The report indicates that between June-2021 and June 2022, private sector credit growth was still under 10 percent annually. Private sector credit had started picking up as the economy was reopened in January but the inflationary pressures from March and the consequent increment in the CBR has slowed that down again.

According to the BoU figures, in the quarter to June 22, loan applications and approvals had dropped significantly from the previous quarter. Notably, only just 52 percent of loan applications were approved in the quarter to June 2022. This is a decline from 54 percent in the quarter to March 2022 and from 56 percent in the quarter to December 2022.

The BoU projection is that loan approvals and applications will likely reduce further, which is the aim of raising the CBR in order to suppress demand.

From commercial banks that have released half-year results to June 30, 2022 the picture is unclear on the loans slowing down. In the first half of 2022, Bank of Baroda’s loan book grew by 20 percent to Shs1 trillion, Stanbic Banks’ loan-book grew by a mild 2 percent to Shs3.8 trillion, whereas dfcu’s loan book reduced by 16 percent  to Shs1.4 trillion.

This does not tell the real story of the economy but indicates how banks have started adjusting their lending. Bank of Baroda’s loans can’t, however, be compared to that of Stanbic and dfcu. Rarely risk averse, in the last three years, the highest Non-performing Loan (NPL) Bank of Baroda has registered is just 1.4 percent (2019) of its loans.
In the last three years, Baroda’s NPLs have averaged 0.8 percent, the lowest of all commercial banks with the exception of Citi Bank. For Stanbic and Dfcu, it is clear that they deal with customers that are affected by the shocks to the economy, which explains their slow-down in lending.

Temporary but bitter medicine
In trying to tame inflation by raising the CBR and banks subsequently increasing their interest rates, it will likely hurt the prospects for economic growth.

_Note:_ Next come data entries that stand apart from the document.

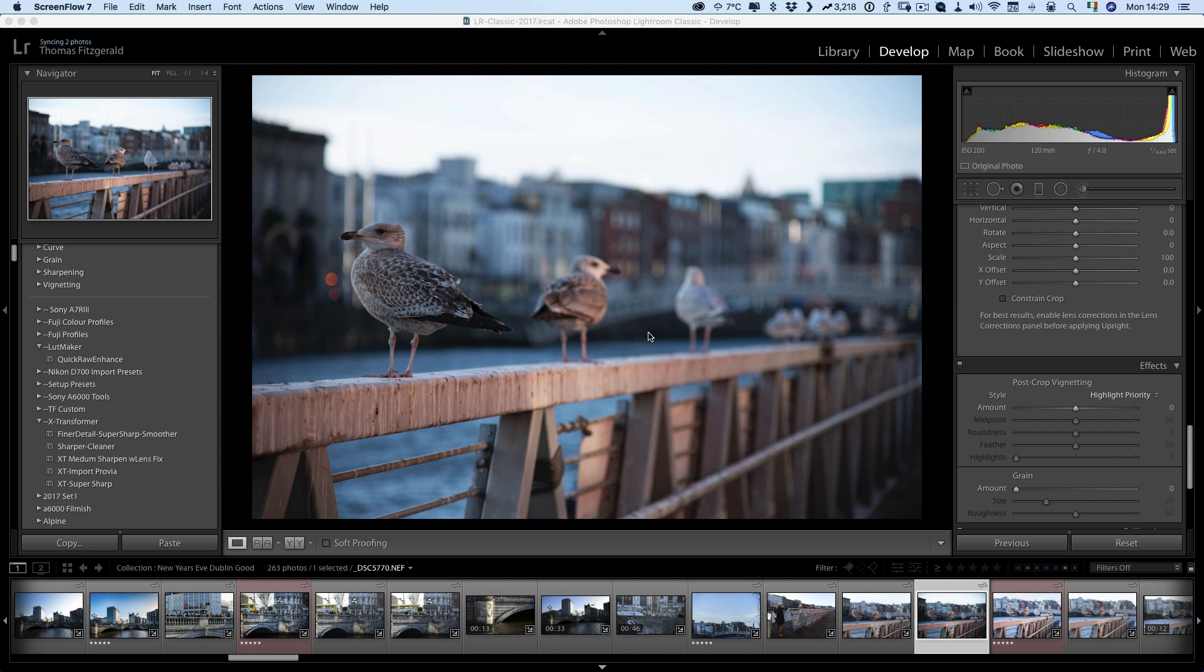First of all you need to go to the develop module and bear in mind that this will change the settings for a particular model of camera. For example in this instance I'm using images from a Nikon D800 so I'm going to change the default settings for this and those settings will apply then to any image I import from a Nikon D800. If I import images from a different camera those settings will be still at the factory defaults.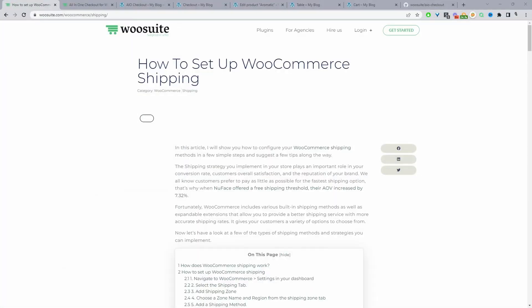In this video, we'll walk through WooCommerce shipping setup in just a few simple steps. So without further ado, let's get straight into it. This video is based on an article which we've written. I'll leave the link in the description below. If you want to follow along with the video or the article, you can do so.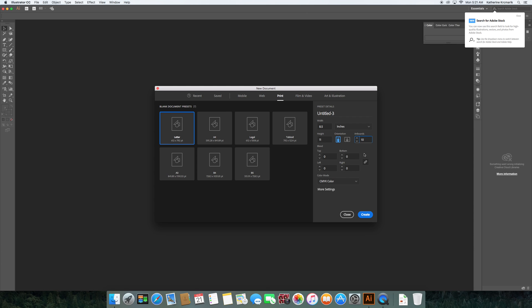Then we have the color mode. CMYK is fine since we're working with print. If we were working with web or video, we'd want RGB. There are additional options, but for right now, that's plenty good for us.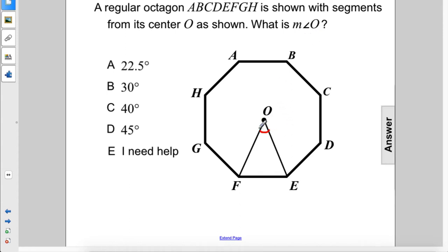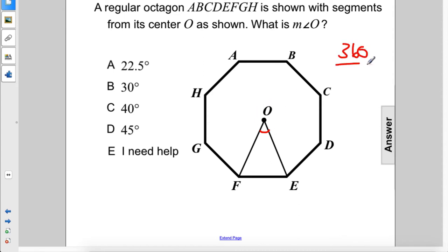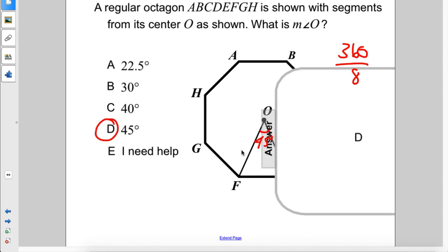This is a central angle, and because there are eight sides, there are eight central angles here. So in total, there'll be 360 degrees. We just divide that by the number of angles, eight, and we get 45 degrees for each central angle. The answer is D.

For businesses that rely on credit from commercial banks, there is already a cry for help as those with floating interest rates feel the pinch. Their interest rates are rising whereas their businesses are not generating more revenue than before due to suppressed demand. These concerns about the rising interest rates have been raised by the Kampala City Traders Association (KACITA) and the Uganda Manufacturers Association (UMA).

In a petition to Parliament on October 4, 2022, KACITA highlighted that the high interest rates were leading to lower levels of production and leading to higher prices in the economy. In their petition, they indicate that the “higher CBR means higher interest on bank loans to reduce the borrowing appetite by business people.”

Despite these concerns, the BoU maintains that the economy requires this action (increasing the CBR) to tame the runaway inflation.

“Curing the economy of inflation becomes urgent for securing people’s survival and well-being. Unfortunately, restoring inflation to low and stable levels involves taking medicine with some temporary side effects,” Atingi-Ego the BoU Deputy Governor recently wrote in the Daily Monitor.

But is not yet clear how severe these side effects will be considering there are already economic casualties due to the rising interest rates.